Sunday, 1 October 2017

Book Review :: An Enchantment of Ravens

I gave this book 5 stars. 

I LOVED this book. It is a short, atmospheric and lightly spooky read filled with the best elements of moody folklore and fairytale. The author uses masterful imagery, setting personification and poetic diction to weave a vivid and enthralling tale of adventure, fantasy and romance.

The author personifies the forest heavily; the trees and even the very shadows they create seem to have a will that is human in drive and determination to live and fight back. It is as though the writer has taken the very essence of an Autumn October, turned it to ink and then wrote from that ink every word on the pages of her book.
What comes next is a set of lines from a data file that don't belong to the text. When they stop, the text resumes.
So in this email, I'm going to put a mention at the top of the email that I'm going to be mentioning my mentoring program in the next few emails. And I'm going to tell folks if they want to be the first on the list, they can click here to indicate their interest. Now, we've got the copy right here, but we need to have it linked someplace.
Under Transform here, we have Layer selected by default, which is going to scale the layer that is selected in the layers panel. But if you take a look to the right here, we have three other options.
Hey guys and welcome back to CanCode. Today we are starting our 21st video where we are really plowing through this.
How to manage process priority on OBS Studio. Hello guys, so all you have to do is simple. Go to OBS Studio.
Every chilled wind, stray vibrant leaf and special seasonal treat come together to create the perfect setting for this short tale of ancient prices and shadowy lore. It is one broody but sweet adventure that sets to work all of your senses for a holistic reading experience.

Her diction is poetic, it makes you feel like you've been swept up in a ball room dance that is this story of two lovers, forbidden to love by the laws of nature and creation themselves.
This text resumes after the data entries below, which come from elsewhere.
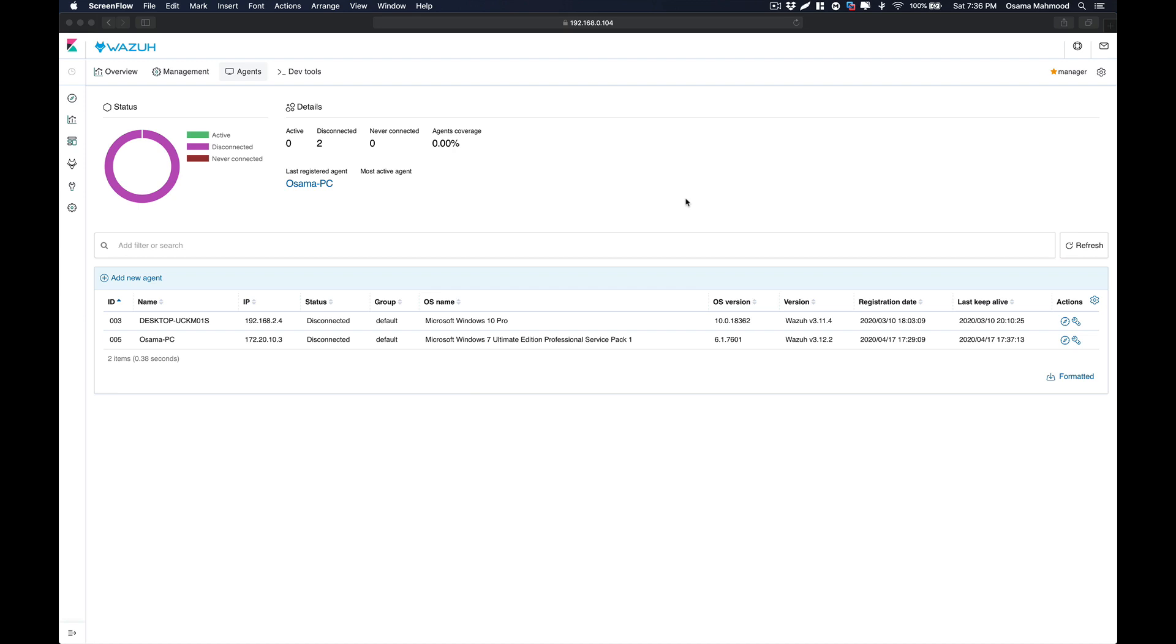Hello friends, welcome back to another video. In this video we're going to take a look at how to install Wazuh agent on Linux system. It's pretty straightforward as I've already shown how to install Wazuh agent on Windows system, so the steps are similar. Let's get started.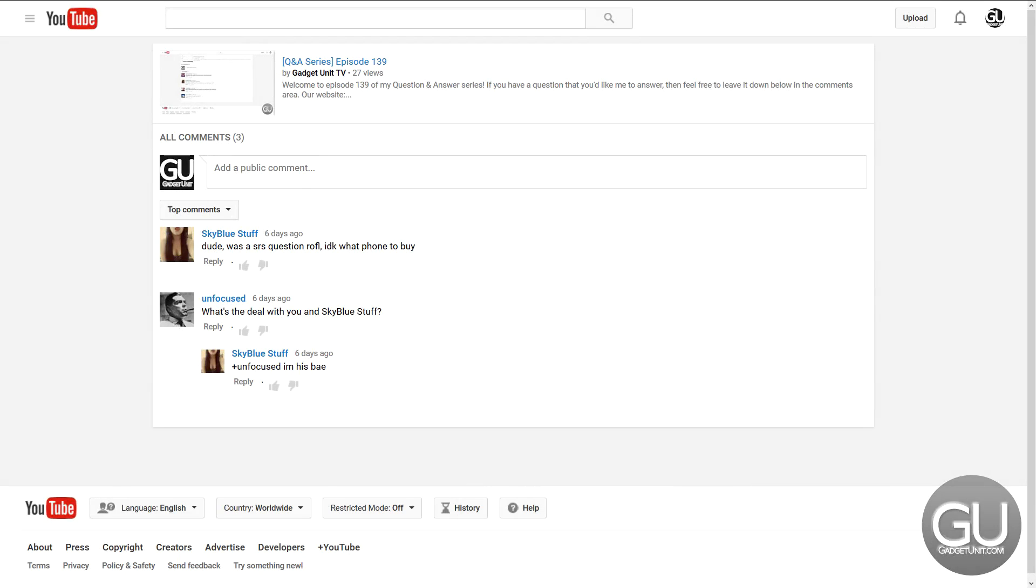What's the deal with you and Sky Blue Stuff? Nothing, I just didn't think it was a serious question because I know who this is. According to Sky Blue Stuff, he is my bae, whatever that's supposed to mean.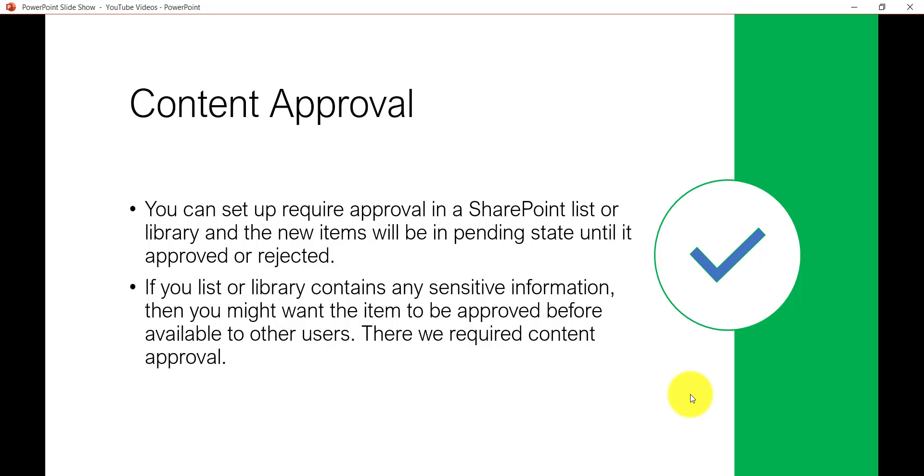Now if you have a list or library which contains some sensitive information, then you might want the item to be approved before it will be visible or available to other users. And there we require Content Approval.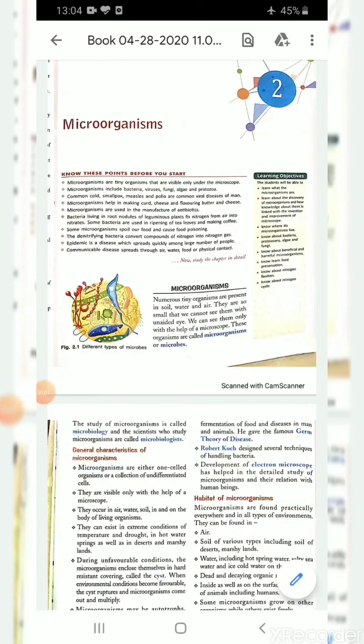Hello students. Today our topic is Micro-Organisms. We are going to study about what micro-organisms are and the various types of micro-organisms. So let's start with the first topic — Micro-Organisms. Numerous tiny organisms are present in soil, water, and air.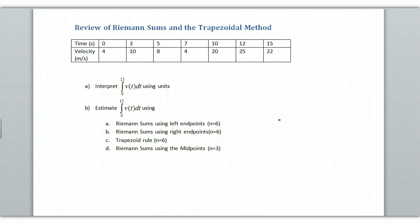Hi, in this video we're going to review Riemann sums and the trapezoidal method. I'm not going to go through too much theory here. This is just how you do it, technique, get in and get out.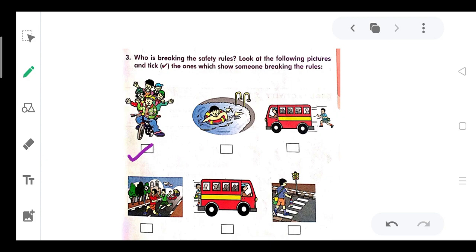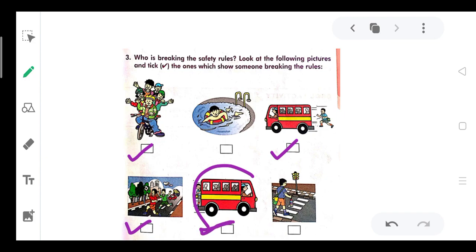The bus is running, so boarding a moving bus is breaking the rule. In another picture, a child is behind the bus — that is also breaking the rule. In the sixth picture, a child is crossing at the zebra crossing — that follows the rules. So there are two pictures which show following the rules.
Margaret Rogerson's use of imagery is bold, colourful and sensory in all respects. Her use of folklore is both enchanting and brooding. This novel makes you want to sip it slow and savour its season while being uniquely aware of the beauty of volatility found in the living and in the dying and the changing.
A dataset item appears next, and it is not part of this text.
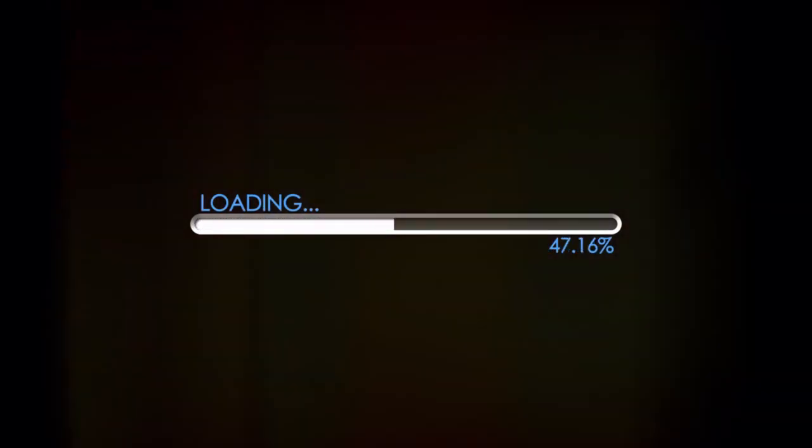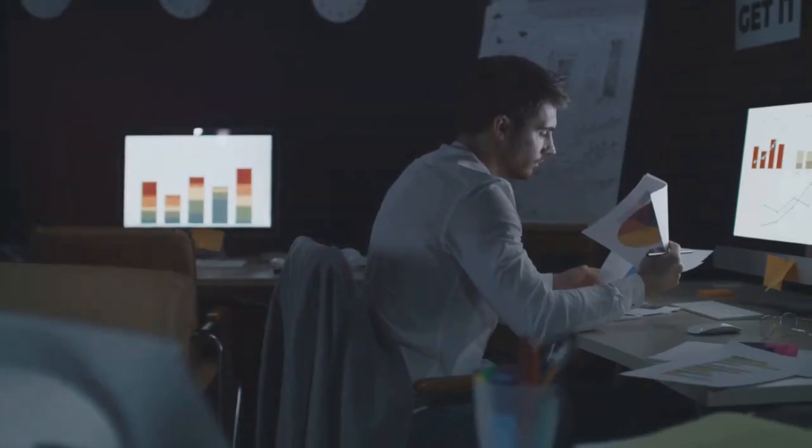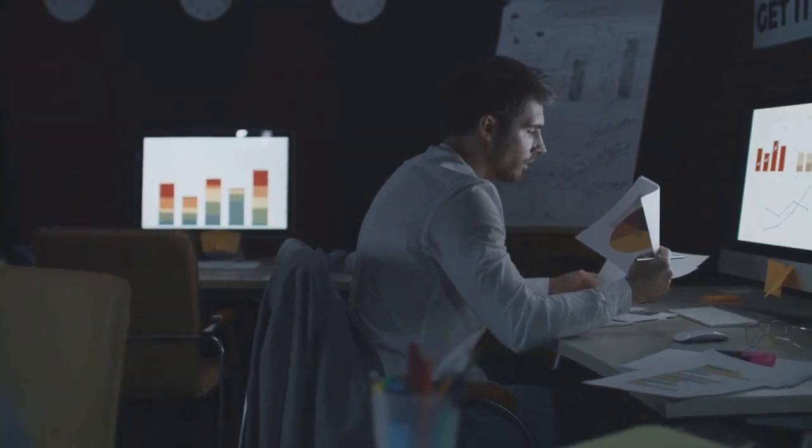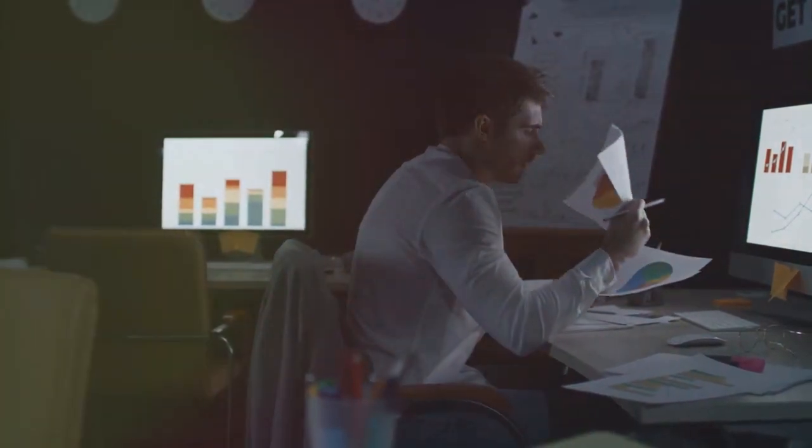Did you know how a slow website can affect your customer's experience? Imagine losing 7% of conversions for every second your web page lags, or having 11% fewer page views and a 16% drop in customer satisfaction.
The character of Rook is cocky and princely but naive and proud and the mix somehow results in humerus folly and witty charm. Rooks powers and the waning of them we are privy to as our characters journey continues, also show us the impracticality of a desire for immortality. It becomes a metaphor for how such a desire, if achieved is inherently unnatural, warring with the concept of time, goodness and longevity.

Isobel's distaste for the notion of immortality is made continuously tangible with her approach to food in the fae courts as though to reinforce that it is slotted once unto man to die, everything else seems to result in a lengthy state of rot and the remnants and remembrance of living instead.

Isobel is a driven artist with a vivid view of the world. All the world's pigments come across as tainted in a heavy, weighty saturation she manages to emotionally express on paper, both its beauty and it's horrid gloom. This turns out to be both part of her mastery of skill and the thread of her undoing.

Honesty, adventure and trust are what hasten their romance. While it remains ever easy to go the route of 'fae prince and human girl in need fall in love' the author dares her characters to question timeliness, choice and validity of what they feel, bringing an interesting modern realness to the story.

All in all it is a fantastic, one sitting read with a beautiful cover that gets you swept up in elemental courts both in your imagination and with the accompaniment of all of your senses.  There are themes of savoured seasons, the fantastical elemental, longing, love and more. One of those books that is in and of it self an experience all yours to savour like a hot beverage on a chilled evening, on an empty bench at a park, during the golden hours.

One of the quotes I loved:
"You are like a living rose among wax flowers, we maybe last forever but you bloom brighter and smell sweeter and draw blood with thorns" ~ Margaret Rogerson: An Enchantment of Ravens

And isn't that the beauty of a temporary life itself?